UPD: "Hyperstrings" are instruments enhanced with technology, designed "to enable the performer's normal playing technique and interpretive skills to shape and control computer extensions to the instrument, thus combining the warmth and personality of human performance with the precision and clarity of digital technology."


Called "brilliantly gifted" by The New York Times and "America's most wired composer" by the Los Angeles Times, composer Tod Machover breaks traditional musical boundaries, combining richly layered textures with immediate impact, sophisticated orchestration with rock-like rhythms, and offering melodies that are subtly intricate but always memorable.

The 70-minute Hyperstring Trilogy has been recognized as one of Machover's most important works.
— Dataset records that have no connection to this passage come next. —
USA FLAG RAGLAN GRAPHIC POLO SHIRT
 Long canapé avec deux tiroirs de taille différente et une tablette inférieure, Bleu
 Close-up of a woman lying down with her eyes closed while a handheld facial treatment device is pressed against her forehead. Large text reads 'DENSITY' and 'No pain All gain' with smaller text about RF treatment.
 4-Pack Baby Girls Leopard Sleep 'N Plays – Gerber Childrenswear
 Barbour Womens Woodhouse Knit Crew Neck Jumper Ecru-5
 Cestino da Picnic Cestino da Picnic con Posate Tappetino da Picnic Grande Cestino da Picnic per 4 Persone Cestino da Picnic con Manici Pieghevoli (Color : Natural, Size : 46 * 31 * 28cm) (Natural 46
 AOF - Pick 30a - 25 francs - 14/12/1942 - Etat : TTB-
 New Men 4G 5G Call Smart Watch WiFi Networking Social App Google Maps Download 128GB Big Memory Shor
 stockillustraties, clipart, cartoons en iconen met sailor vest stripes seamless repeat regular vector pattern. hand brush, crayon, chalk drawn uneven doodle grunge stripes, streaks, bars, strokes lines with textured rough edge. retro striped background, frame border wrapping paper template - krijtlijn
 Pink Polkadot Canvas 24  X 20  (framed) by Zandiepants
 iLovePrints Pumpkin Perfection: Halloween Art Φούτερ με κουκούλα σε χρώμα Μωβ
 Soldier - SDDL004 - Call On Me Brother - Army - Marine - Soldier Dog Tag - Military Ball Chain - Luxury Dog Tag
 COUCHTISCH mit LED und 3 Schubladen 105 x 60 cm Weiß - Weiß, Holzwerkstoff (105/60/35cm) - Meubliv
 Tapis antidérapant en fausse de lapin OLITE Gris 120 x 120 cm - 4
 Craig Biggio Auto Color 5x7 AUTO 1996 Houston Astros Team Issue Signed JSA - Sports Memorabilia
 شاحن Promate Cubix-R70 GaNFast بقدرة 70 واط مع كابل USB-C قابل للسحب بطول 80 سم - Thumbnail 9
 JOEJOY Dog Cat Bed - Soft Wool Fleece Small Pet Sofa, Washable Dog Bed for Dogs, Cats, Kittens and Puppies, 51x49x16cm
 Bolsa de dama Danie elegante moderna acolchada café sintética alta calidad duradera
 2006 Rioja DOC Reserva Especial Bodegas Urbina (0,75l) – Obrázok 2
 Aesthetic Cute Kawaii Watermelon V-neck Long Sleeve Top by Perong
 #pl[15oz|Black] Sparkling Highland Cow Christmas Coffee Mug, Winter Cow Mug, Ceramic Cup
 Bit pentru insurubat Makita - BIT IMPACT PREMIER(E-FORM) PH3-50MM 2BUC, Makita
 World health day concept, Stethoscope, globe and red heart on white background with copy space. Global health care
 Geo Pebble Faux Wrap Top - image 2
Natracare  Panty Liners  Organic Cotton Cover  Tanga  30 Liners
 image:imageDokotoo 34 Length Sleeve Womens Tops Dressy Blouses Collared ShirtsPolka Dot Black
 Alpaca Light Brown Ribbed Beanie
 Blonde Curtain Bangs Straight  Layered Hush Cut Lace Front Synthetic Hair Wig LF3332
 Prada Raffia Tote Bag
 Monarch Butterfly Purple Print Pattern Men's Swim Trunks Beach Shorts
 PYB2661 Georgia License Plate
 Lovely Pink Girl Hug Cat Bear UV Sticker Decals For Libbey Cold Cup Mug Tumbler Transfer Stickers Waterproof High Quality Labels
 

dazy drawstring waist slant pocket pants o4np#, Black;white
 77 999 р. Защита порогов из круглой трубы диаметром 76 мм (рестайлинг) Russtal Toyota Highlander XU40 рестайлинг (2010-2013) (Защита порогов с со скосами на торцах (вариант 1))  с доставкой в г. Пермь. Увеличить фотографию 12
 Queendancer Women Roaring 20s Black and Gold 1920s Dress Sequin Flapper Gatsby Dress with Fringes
The three pieces which make up the trilogy, Begin Again Again... for Hypercello Solo (1991), Song of Penance for Hyperviola, Computer Voice, and 17 Instruments (1992) and Forever and Ever for Hyperviolin and Chamber Orchestra (1993) are loosely based on the dramatic and psychological sweep of Dante's Divine Comedy, they explore loss and gain, pain and recovery, despair and hope and, in passing, what is lost and gained by technology.

Writing about Hyperstring Trilogy, Pulitzer Prize winning music critic Lloyd Schwartz says: "What is most exciting about Machover's pieces is how beautiful and moving they are, what lyrical and exotic melismas keep surfacing (and how scintillatingly they contrast with the shattering electronic textures), how dramatically they build, how they haven't a dull moment, and what magnificent opportunities for performers they provide."